Janux Therapeutics has raised $56 million to fund development of T-cell engagers (TCEs). The series A will fund preclinical work on TROP-2 and PSMA candidates, positioning Janux to enter the clinic next year.
Driven by work at companies including Amgen, TCEs have emerged as a promising cancer modality. Yet, in the view of Janux CEO David Campbell, Ph.D., existing platforms suffer from shortcomings that limit the utility of TCEs.
“The development of TCEs has been hindered by poor pharmacokinetics, healthy tissue toxicity and cytokine release syndrome (CRS),” Campbell said. “Previous generation TCEs have not addressed all three of these hurdles in an integrated fashion.”

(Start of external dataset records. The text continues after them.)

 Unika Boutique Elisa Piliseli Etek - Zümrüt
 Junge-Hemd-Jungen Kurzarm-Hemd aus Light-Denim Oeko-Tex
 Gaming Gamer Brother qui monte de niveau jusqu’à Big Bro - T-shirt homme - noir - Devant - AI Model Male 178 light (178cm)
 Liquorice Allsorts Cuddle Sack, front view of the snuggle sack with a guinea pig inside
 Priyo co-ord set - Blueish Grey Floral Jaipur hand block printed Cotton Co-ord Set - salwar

Campbell sees Janux’s TRACTr technology as a way to address those hurdles. The technology pairs tumor-specific activation with crossover pharmacokinetics to create more targeted, safe and potent TCEs.

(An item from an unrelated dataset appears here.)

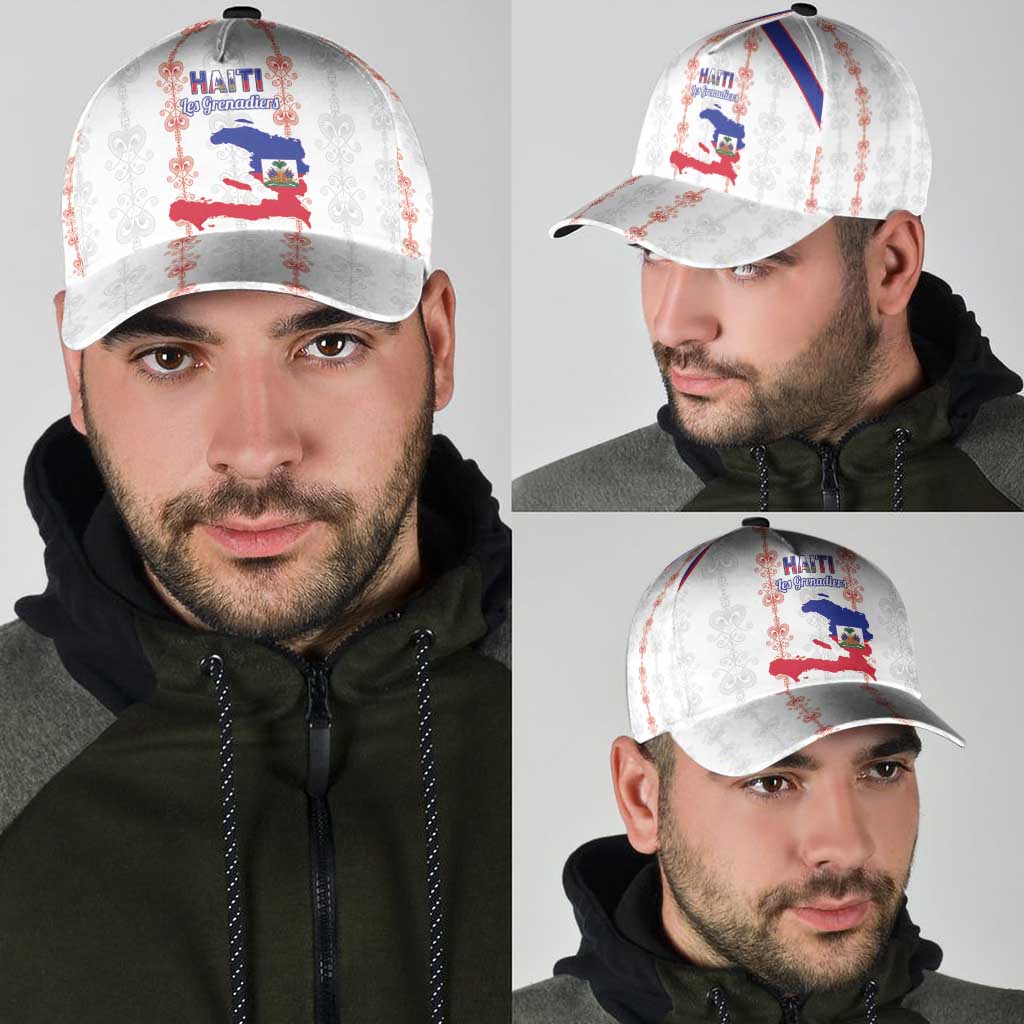 Haiti Football Classic Cap Les Grenadiers Veve Vodou White - Wonder Print Shop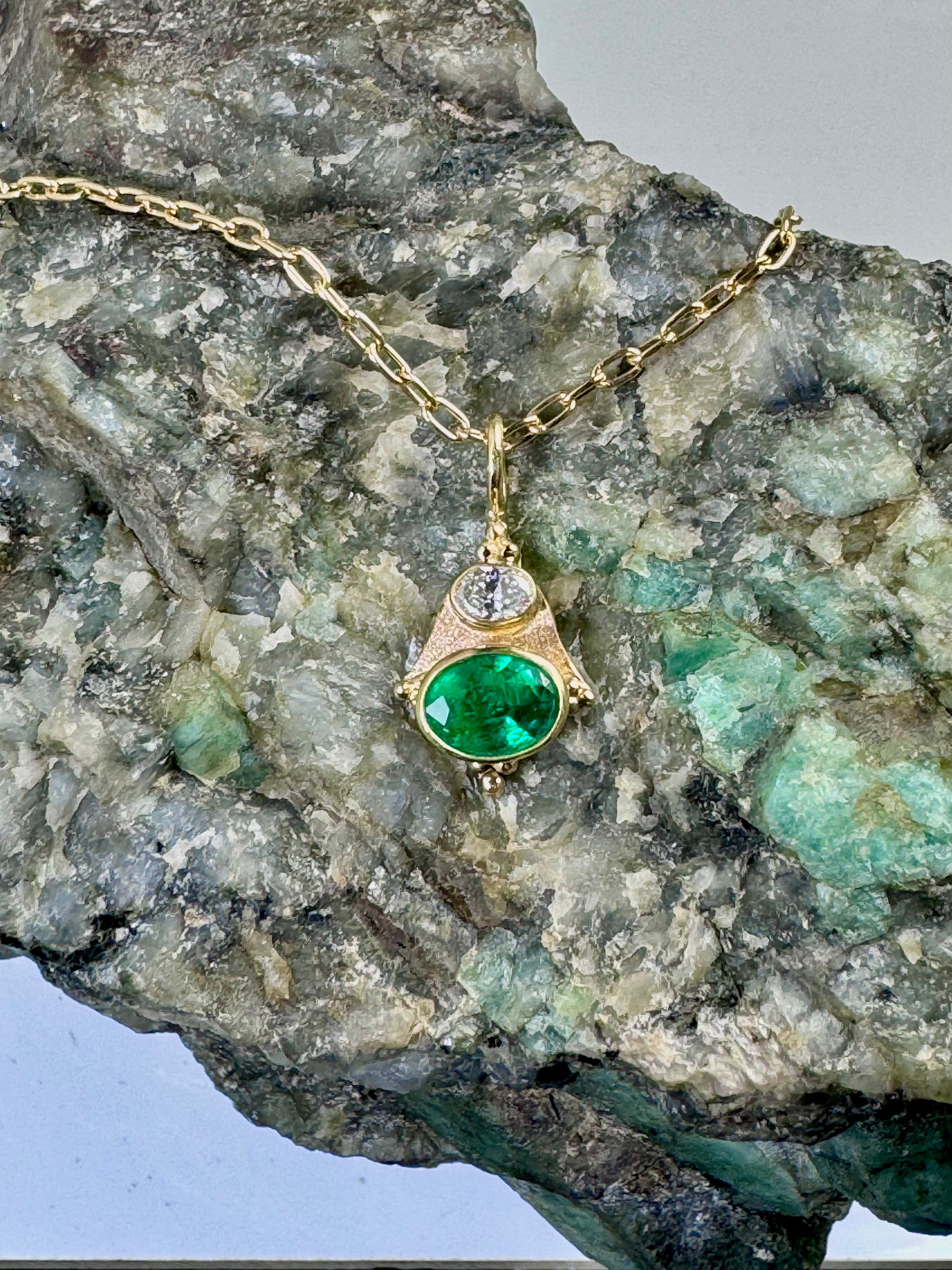 Emerald & Diamond Pendant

“Tumor-specific activation is designed to limit the drug's activity to the tumor, and crossover pharmacokinetics ensures that any activated TCE that escapes the tumor will be rapidly cleared. The goal is to limit healthy tissue accumulation of the activated TCE and further reduce healthy tissue toxicities,” Campbell said.
The result is a pipeline of TCEs that Campbell expects to be suitable for once-weekly dosing and less likely to cause CRS. Janux has persuaded Merck—which signed up to work on two targets last year—and investors of the potential of the platform, positioning it to start validating its approach in the clinic.
Avalon Ventures led the $56 million series A. New investors OrbiMed and RA Capital Management provided assists, as did existing backers Bregua and Correlation Ventures. The syndicate has provided the money to get Janux into the clinic in the first half of next year.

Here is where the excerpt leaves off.